Your output should be exactly the lines from the one containing "Sunflower Rustic Wedding" through the final line of the following data, please, with no pictures.
··· INFORMATION SUPPLIED
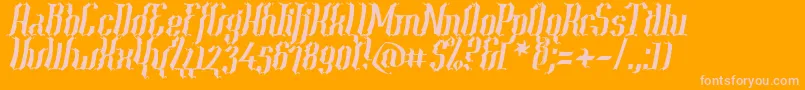 Year2000ContextScrambled Font – Pink Fonts on Orange Background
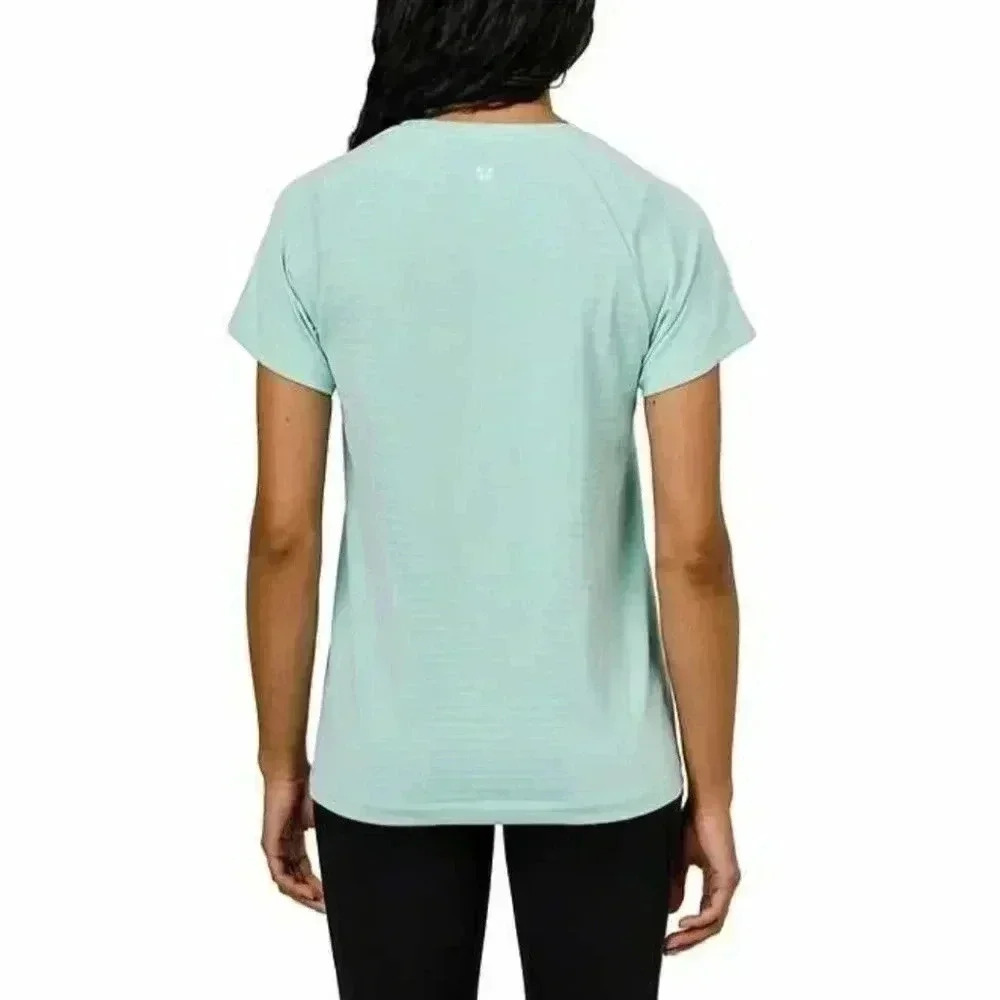 ❤️ New! Tuff  Athletics Active Top Medium Soft Green Seamless Stretch T-shirt - Picture 3 of 11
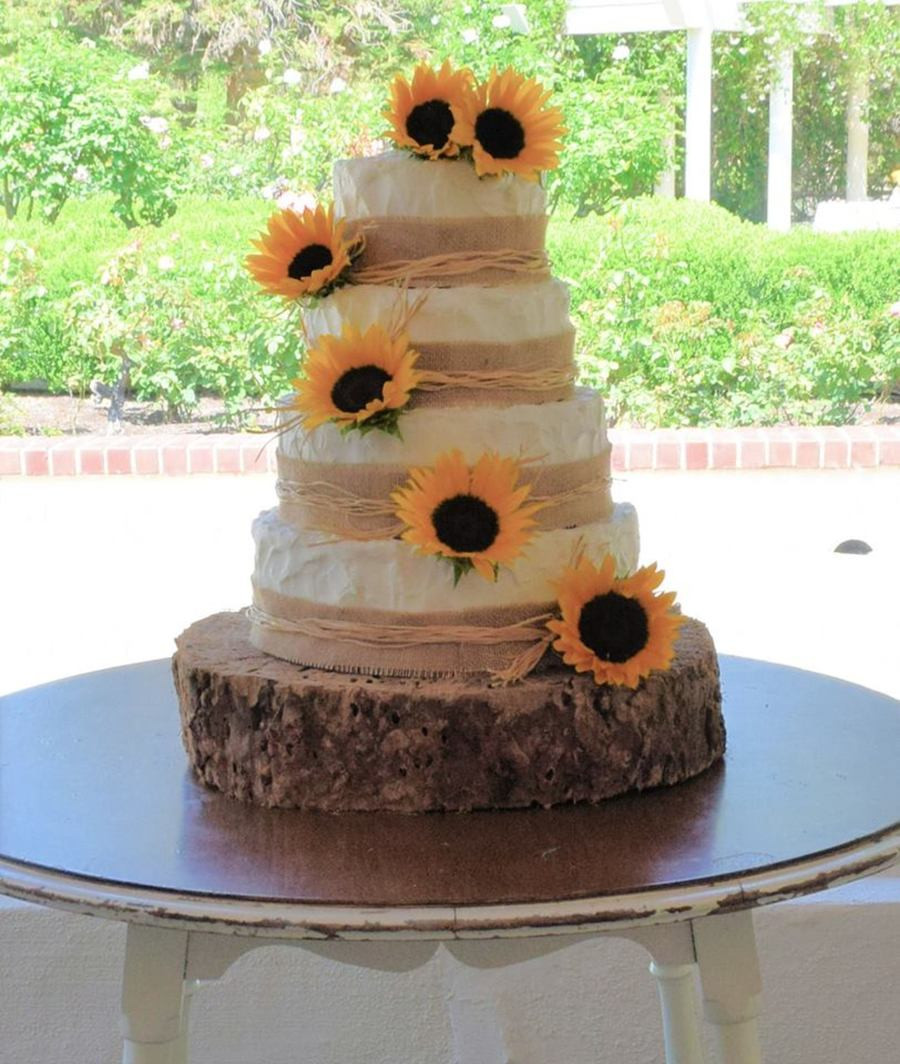 Rustic Wedding Cakes With Cupcakes
 Sunflower Rustic Wedding Cake & Cupcakes CakeCentral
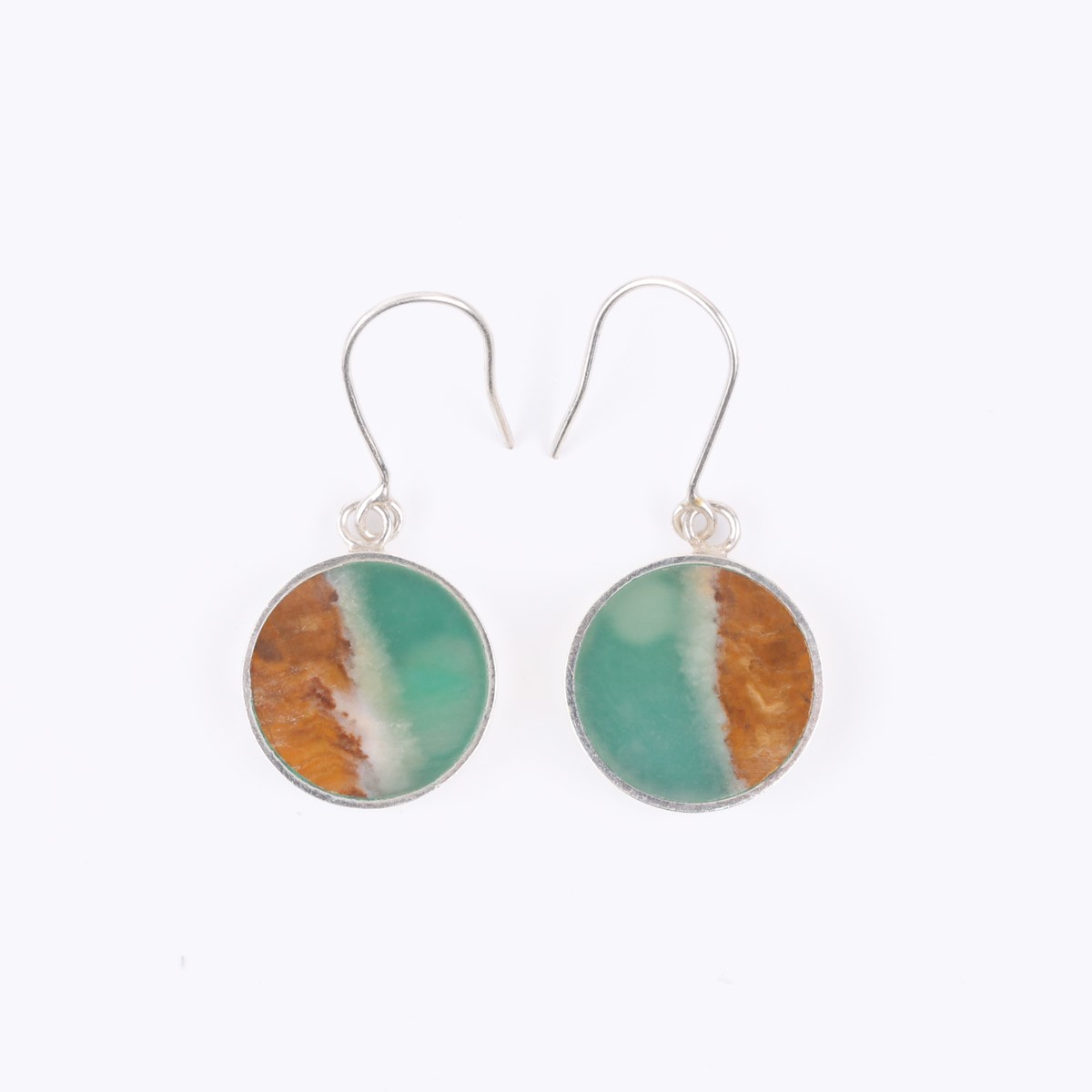 Green Onyx Round Earrings | Silver Dangle Earrings 3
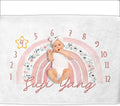 OLIVE OLIVIA Personalized Monthly Baby Milestone Blanket, Baby Months Blanket, Perfect Custom Newborn Gifts,50"x60"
······
» **SOLUTION FOR THIS EXERCISE**
 Sunflower Rustic Wedding Cake & Cupcakes CakeCentral
 Green Onyx Round Earrings | Silver Dangle Earrings 3
 OLIVE OLIVIA Personalized Monthly Baby Milestone Blanket, Baby Months Blanket, Perfect Custom Newborn Gifts,50"x60"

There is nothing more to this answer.